**Work required**
Each entry must come back word for word; drop the images as you go.
################
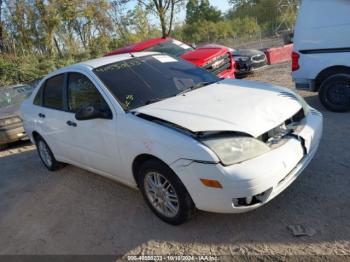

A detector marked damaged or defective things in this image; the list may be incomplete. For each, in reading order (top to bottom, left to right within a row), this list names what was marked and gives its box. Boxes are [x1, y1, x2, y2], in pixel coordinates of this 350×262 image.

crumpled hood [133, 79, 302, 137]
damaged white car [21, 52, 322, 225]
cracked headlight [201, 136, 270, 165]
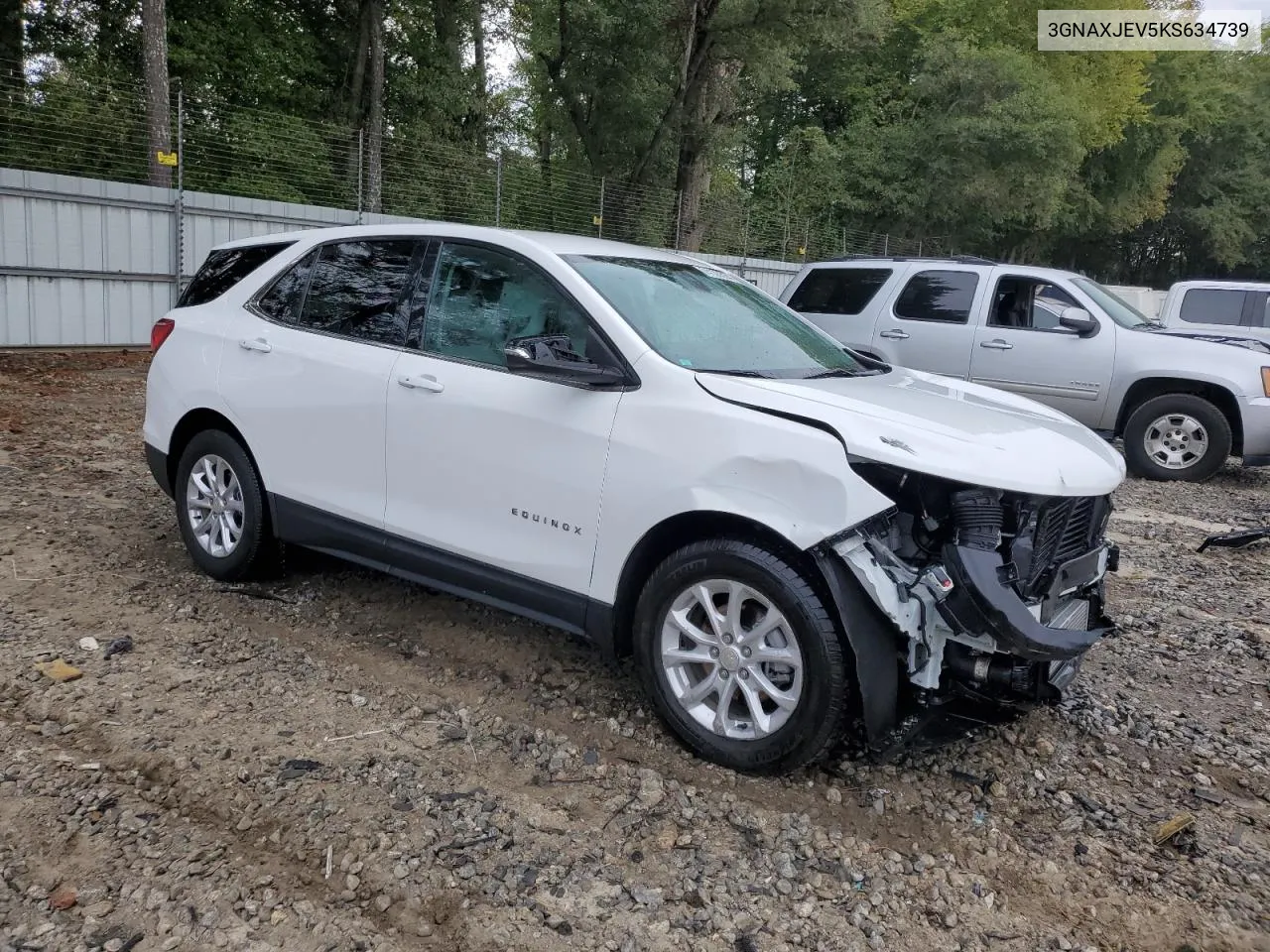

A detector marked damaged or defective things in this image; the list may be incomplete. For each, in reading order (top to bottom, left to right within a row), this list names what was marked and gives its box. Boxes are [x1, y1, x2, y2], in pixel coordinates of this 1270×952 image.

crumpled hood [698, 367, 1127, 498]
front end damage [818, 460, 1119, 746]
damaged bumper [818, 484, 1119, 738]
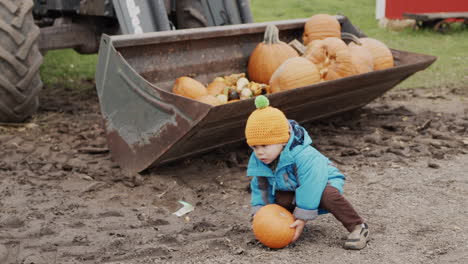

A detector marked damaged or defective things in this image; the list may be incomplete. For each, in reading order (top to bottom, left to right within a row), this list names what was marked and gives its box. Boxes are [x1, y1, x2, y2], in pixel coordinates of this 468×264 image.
################
**Exercise answer**
A detector marked damaged or defective things in this image; the list may be incomplete. For each, in reading order (top to bottom, left to right within a row), this list names what was marked and gives its box. Boxes are [x1, y1, x2, y2], in pixel coordinates of this 350×262 image.

crumpled hood [133, 79, 302, 137]
damaged white car [21, 52, 322, 225]
cracked headlight [201, 136, 270, 165]

A detector marked damaged or defective things in this image; the list may be incomplete. For each, in reading order (top to bottom, left to right within a row), this list names what was marked and gives its box. Boxes are [x1, y1, x2, y2], in pixel coordinates of this 1270×952 image.

crumpled hood [698, 367, 1127, 498]
front end damage [818, 460, 1119, 746]
damaged bumper [818, 484, 1119, 738]

A detector marked damaged or defective things in this image; the list may be incomplete. For each, in reading order (top to bottom, left to right within a row), this list names what was marked and gives its box. Boxes are [x1, y1, x2, y2], in pixel coordinates of this 468×264 image.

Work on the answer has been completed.